Content starts

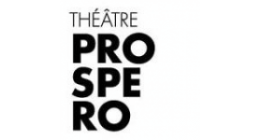 Logo de Théâtre Prospero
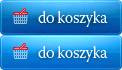 Dodaj do koszyka Jak kupować nieruchomości poniżej ich wartości rynkowej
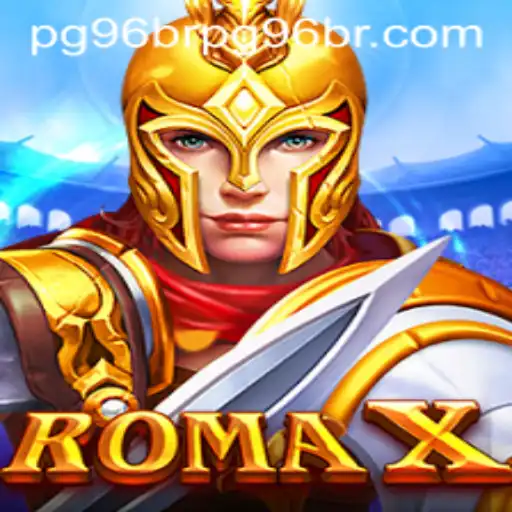 Exploring the Exciting World of RomaX and the pg96bet PH Login Experience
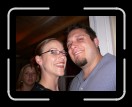 0506-PDF-CB-LastSup06 * 2560 x 1920 * (2.07MB)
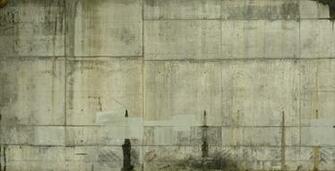 Concrete Desktop Wallpaper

Content ends

## WHAT THIS TASK INVOLVES
Where pictures sit among the data above, omit them, and output the rest exactly.

## RESPONSE
 Logo de Théâtre Prospero
 Dodaj do koszyka Jak kupować nieruchomości poniżej ich wartości rynkowej
 Exploring the Exciting World of RomaX and the pg96bet PH Login Experience
 0506-PDF-CB-LastSup06 * 2560 x 1920 * (2.07MB)
 Concrete Desktop Wallpaper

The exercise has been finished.